**Stored data**:
⁂

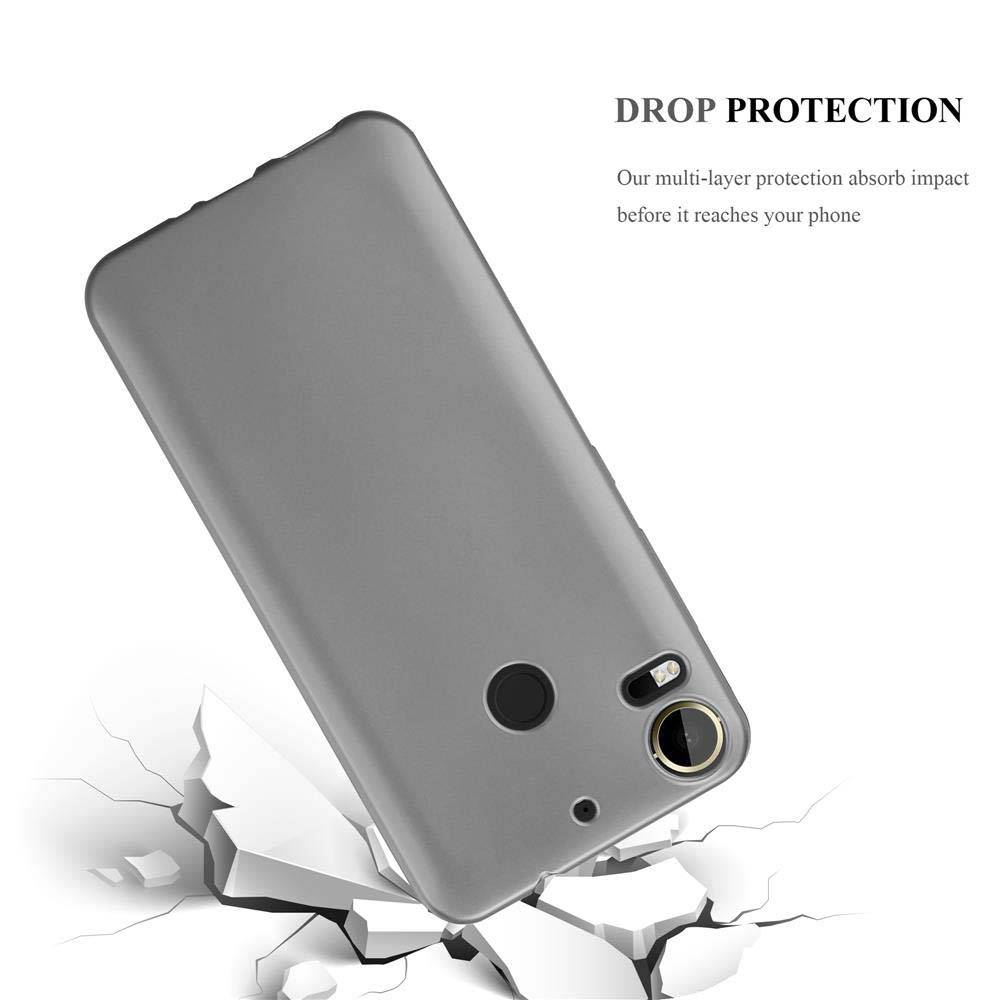 Cadorabo Schutzhülle für HTC Desire 10 PRO Hülle in Grau Handyhülle TPU Silikon Etui Cover Case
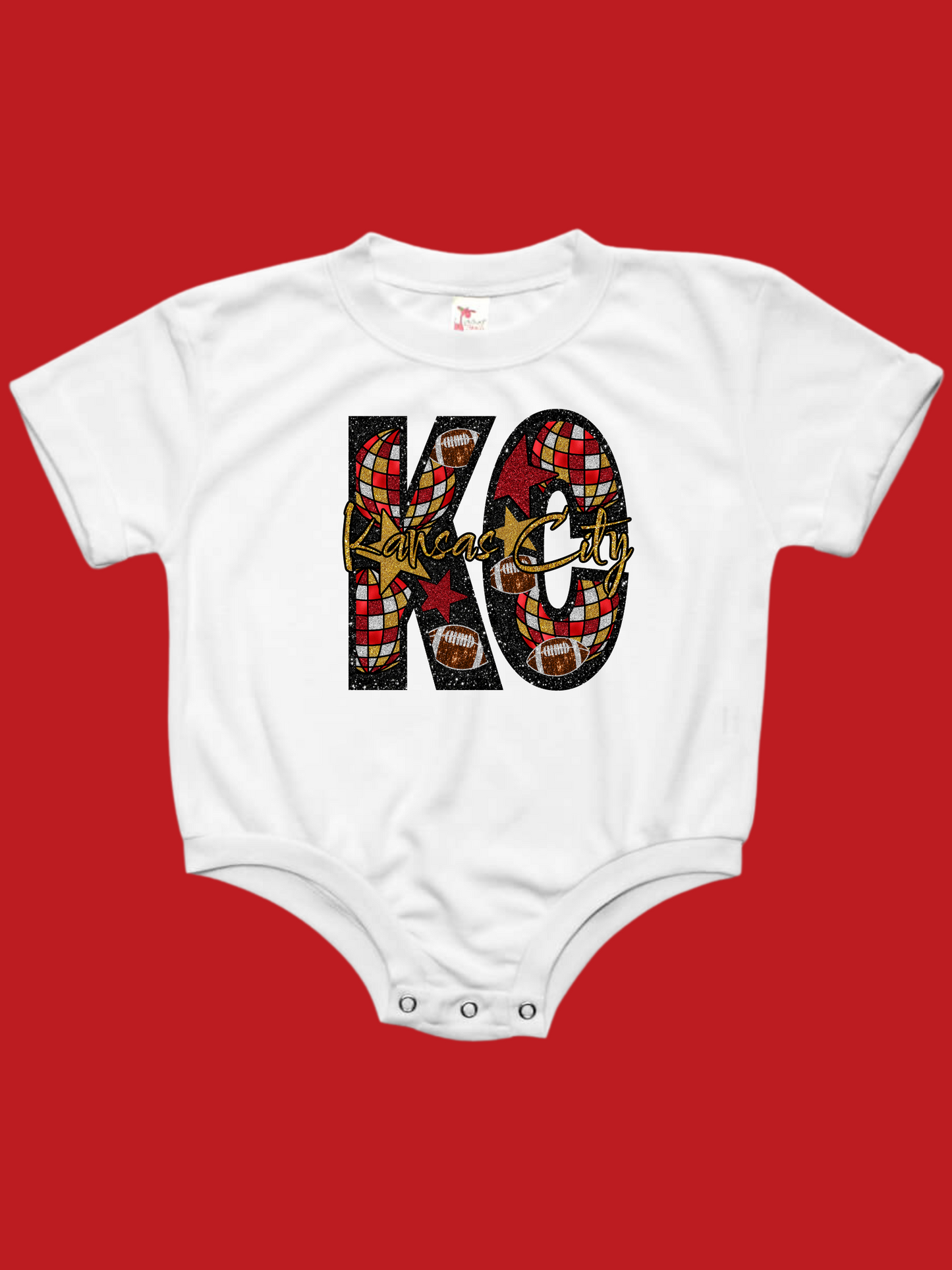 KC Disco Chiefs Baby Bubble Romper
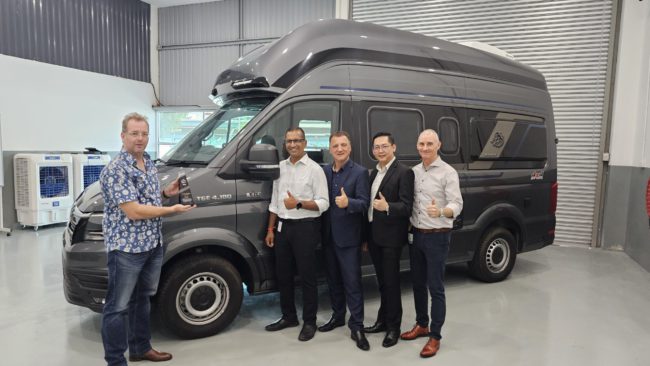 The "Innovation in Sustainable Recreational Vehicle Award" was presented to Heng Siang Tan, Chief Operating Officer of AsiaRV, recognising our pioneering efforts in introducing the first camper van in Malaysia equipped with the latest environmentally friendly technologies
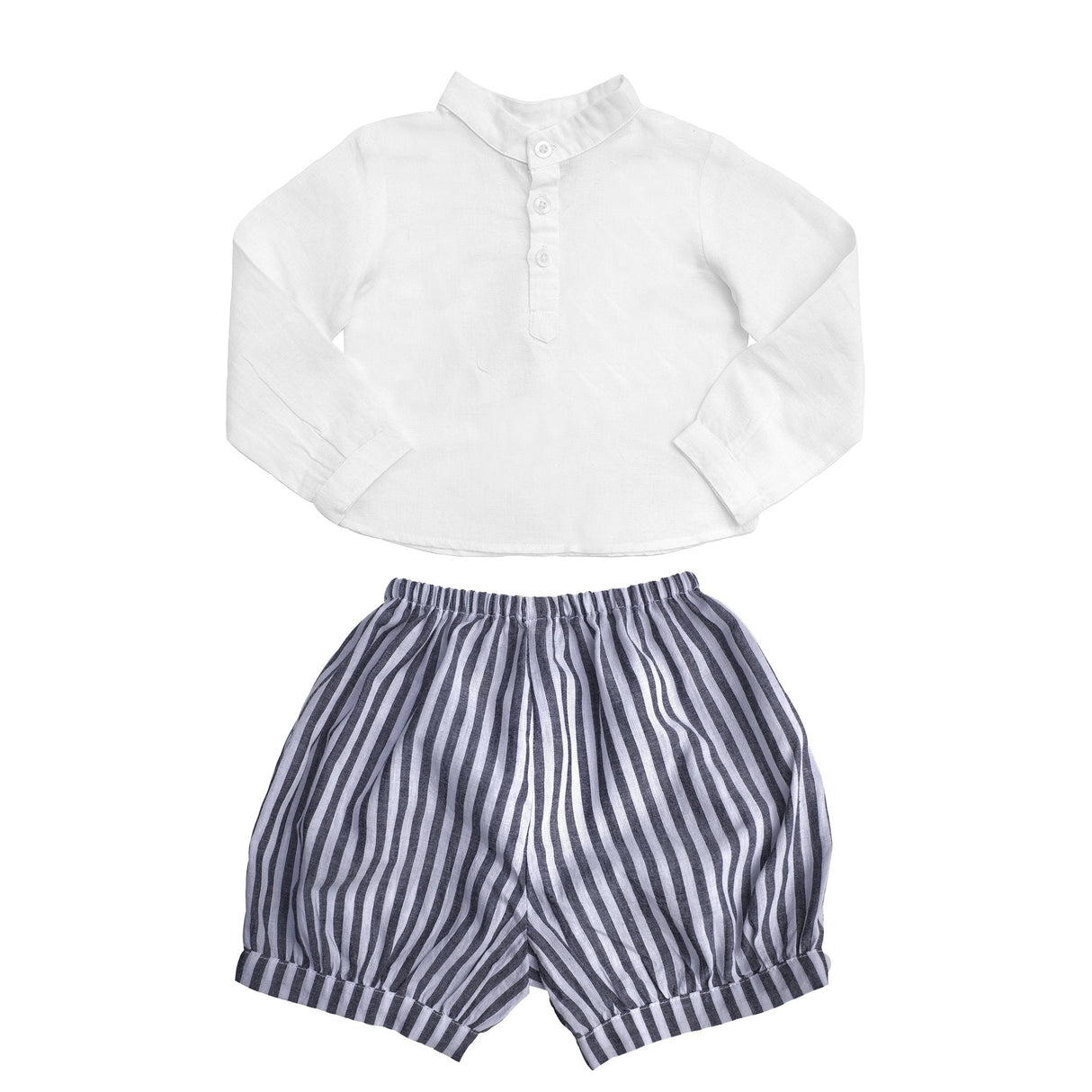Gift set | boys white shirt and Harbor Island stripe short - HoneyBug 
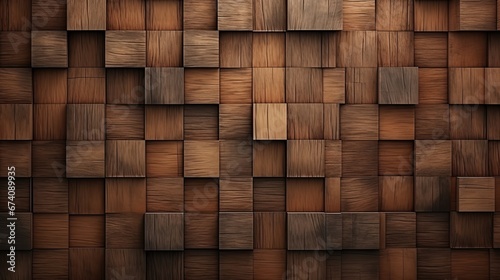 Brown textured wood background with 3D depth. 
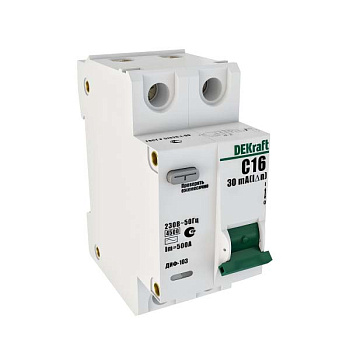 АВДТ 2п 16А 30мА 4,5кА DEKraft 16003DEK ДИФ102-1N-016A-030-C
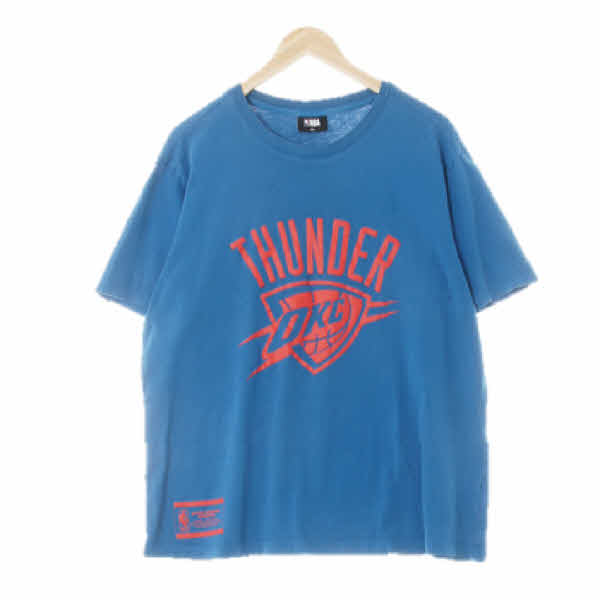 NBA 빈티지블루 면혼방 okc빅로고라운드반팔티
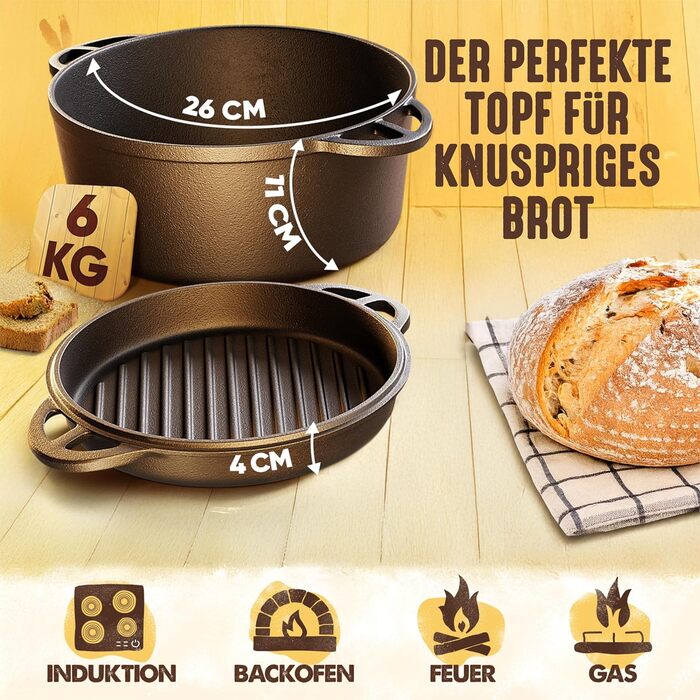 Чугунний казанок з кришкою 26 см: для випікання хліба, тушкування, приготування в духовці. Чугунний посуд преміум-якість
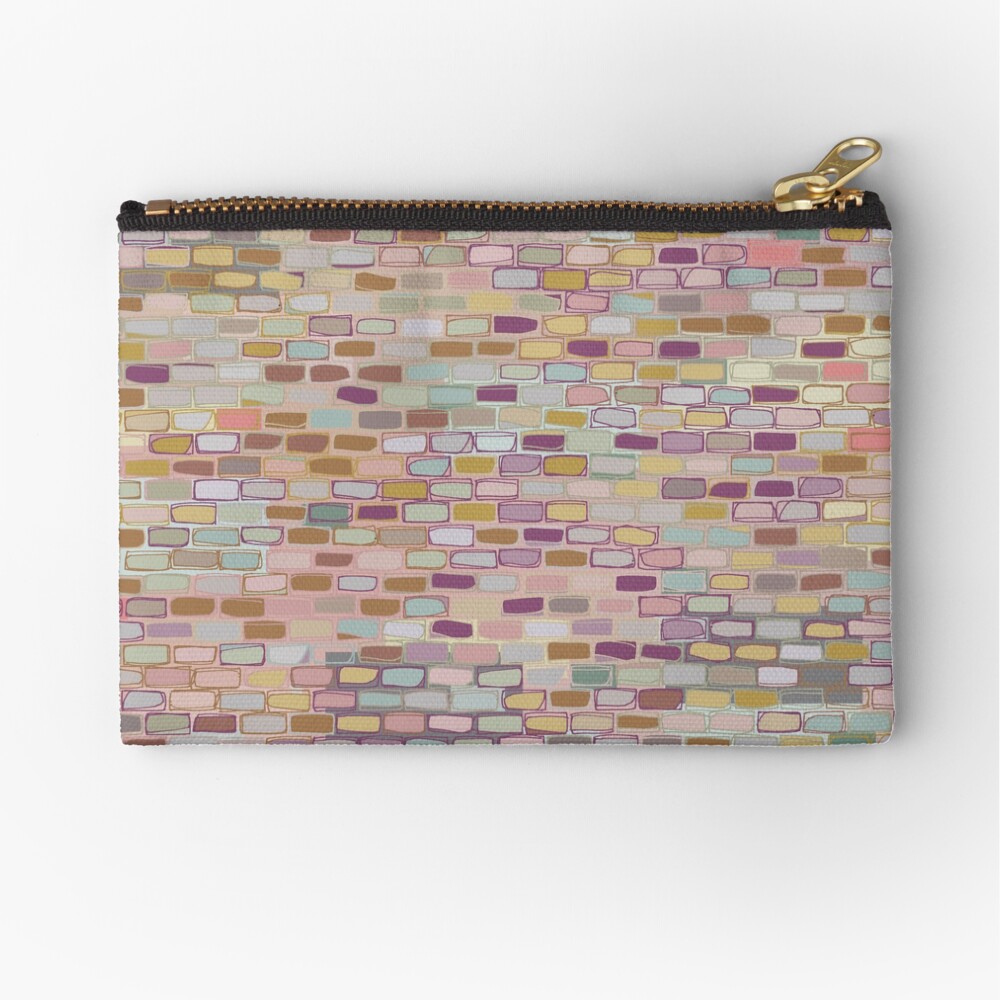 Stone wall (digital art) Zipper Pouch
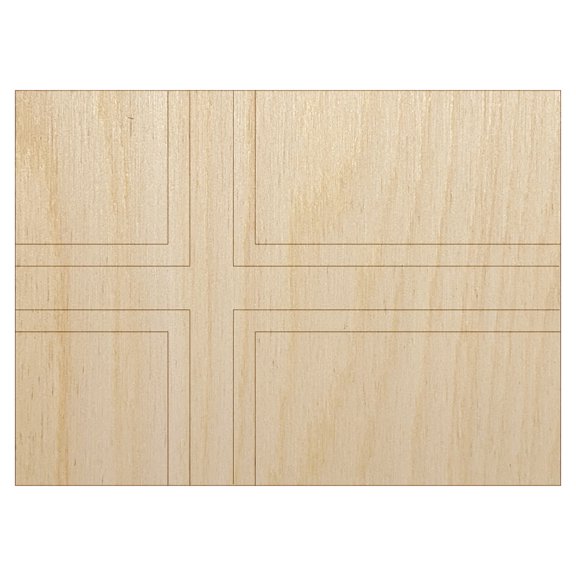 Norway Flag Wood Shape Unfinished Piece Cutout Craft DIY Projects - 4.70 Inch Size - 1/4 Inch Thick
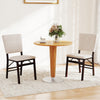 Foldable beige dining chair set of 2 with padded seats and tilt backrests, perfect for kitchens and living rooms.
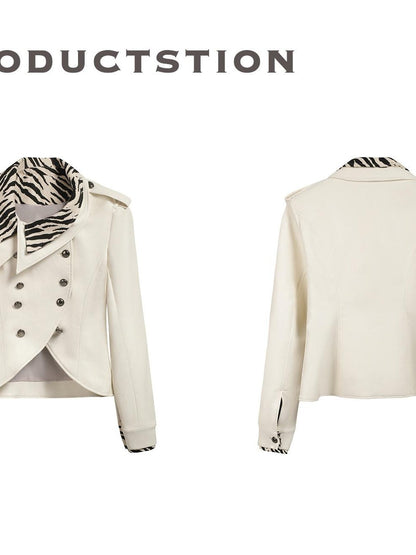 FULLTIDE Zebra Patchwork Asymmetric Double Breasted Vintage Women&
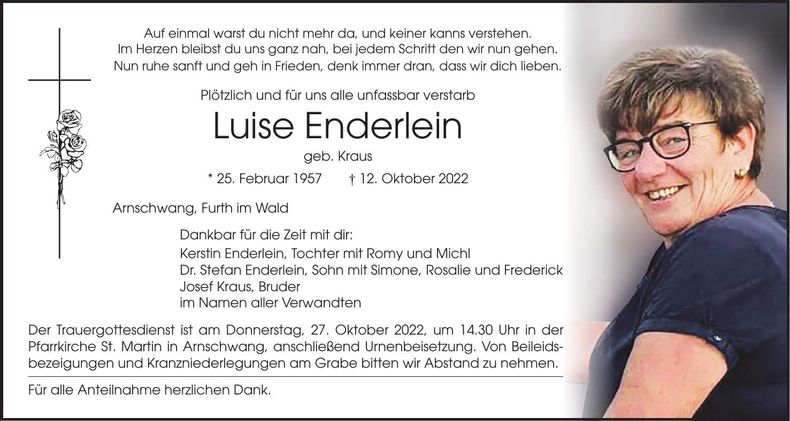 Traueranzeige Luise Enderlein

⁂

**Problem to solve**: Retype, exactly as written, each line from the one containing "FULLTIDE Zebra Patchwork" through the end of the data above, and leave out every picture.

**Reply**:
 FULLTIDE Zebra Patchwork Asymmetric Double Breasted Vintage Women&
 Traueranzeige Luise Enderlein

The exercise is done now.